The suit arose out of a contract dated March 2, 1949, prepared by the defendant, wherein the plaintiff agreed to sell to the defendant customer contracts representing the deferred payments for merchandise sold by the plaintiff, and this agreement was made an exhibit to the complaint. There was full recourse on the plaintiff. Plaintiff was under no obligation to submit all customer contracts to defendant, but only those of her own choosing, and defendant had the right to reject any contract. Under the original contract, the defendant would retain five per cent of the money paid plaintiff upon discount as a reserve account to cover any default in paper which might arise. This was later increased to seven per cent by an amendment. This operation continued until 1953.
*683 Plaintiff charges that the defendant failed to exercise reasonable care and diligence in making and receiving the collections on the contracts; that the defendant allowed the accounts to get in arrears and the defendant suddenly, and without notice to the plaintiff, called upon the plaintiff to repurchase all the paper that was in default, which it had a right to do under the contract. The defendant had the right to make and receive all collections and the plaintiff could not solicit or make any collections, repossessions or compromises except as instructed by the defendant, and the defendant had the right "to renew and extend the time of payment or compromise or adjust claims on contracts or merchandise covered," without affecting plaintiff's liability as endorser.
Count IV alleged that the defendant negligently allowed fifty to one hundred delinquent accounts to accumulate without notice or knowledge to the plaintiff and that, in this, the defendant breached the contract.
Count V was substantially the same as Count IV. Count VI charges the failure to use reasonable care or diligence in making collections and avers that during the months of March through June, 1953, plaintiff made inquiries of the defendant as to the status of the contracts and collections, whether they were current, etc.
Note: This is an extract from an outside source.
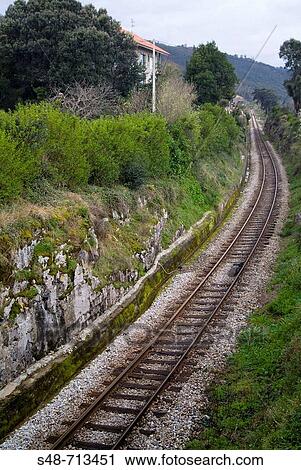 Railtrack from Oviedo to Bilbao near LLanes, Asturias. Spain View Large Photo Image Stock Image - Railtrack from Oviedo to Bilbao near LLanes, Asturias. Spain. Fotosearch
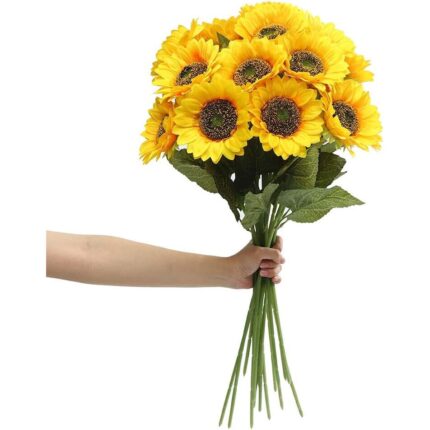 Set 6 flori artificiale Cozevdnt, Floarea-soarelui pe tija lunga, Matase, Detasabile, Galben, 15x55cm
It further avers that the defendant informed plaintiff that the collections were current and plaintiff's assistance was not needed to effect collections. But subsequent thereto in the same month, fifty to one hundred delinquent contracts were dumped on the plaintiff and plaintiff was called upon to pay same. Plaintiff argues that an additional responsibility or duty was placed upon defendant when plaintiff asked for information.
Count VII of the complaint alleges that the original contract was amended by an oral agreement between plaintiff and defendant, whereby defendant agreed to accept and discount customers' contracts provided the customers had good credit rating and were financially responsible, and that the defendant breached the contract by refusing to purchase at discount or accept said customer contracts although they were offered contracts of customers who had good credit rating and were financially responsible.
Both appellant and appellee concede in brief that the agreement created the relationship of creditor and surety between the defendant and plaintiff.
We think our case of State ex rel. Gambill v. McElroy, 220 Ala. 452, 125 So. 903, is dispositive of the case in that it supports the ruling of the trial court on all the counts except Count VII. McElroy was the endorser of a note for $32,500 executed on June 11, 1926, and due and payable ninety days after date. At the time of the execution of the note and at the time that it became due, another endorser (who it was alleged was in truth and in fact the maker) was solvent and there was deposited as collateral security bonds sufficient in value to pay the indebtedness. The bank did not call upon the maker or seek to proceed against the collateral or notify the endorser of the default for more than two years after default. Upon his refusal to pay, the bank brought suit only against the endorser. The defendant alleged that he was only an accommodation endorser and that the bank was under a duty to exercise diligence to protect him from ultimate liability. He further alleged that the bank not only did not exercise due diligence but "negligently and in violation of its duty to the defendant, wrongfully and in frauduelnt collusion" with the maker, failed to collect the note. The endorser alleged in another paragraph that if the bank had acted with reasonable skill and promptness, it could have recovered the monies from the maker or the collateral but that the bank "neglected negligently or wilfully and fraudulently to take such steps" and thus was forced to call upon the endorser.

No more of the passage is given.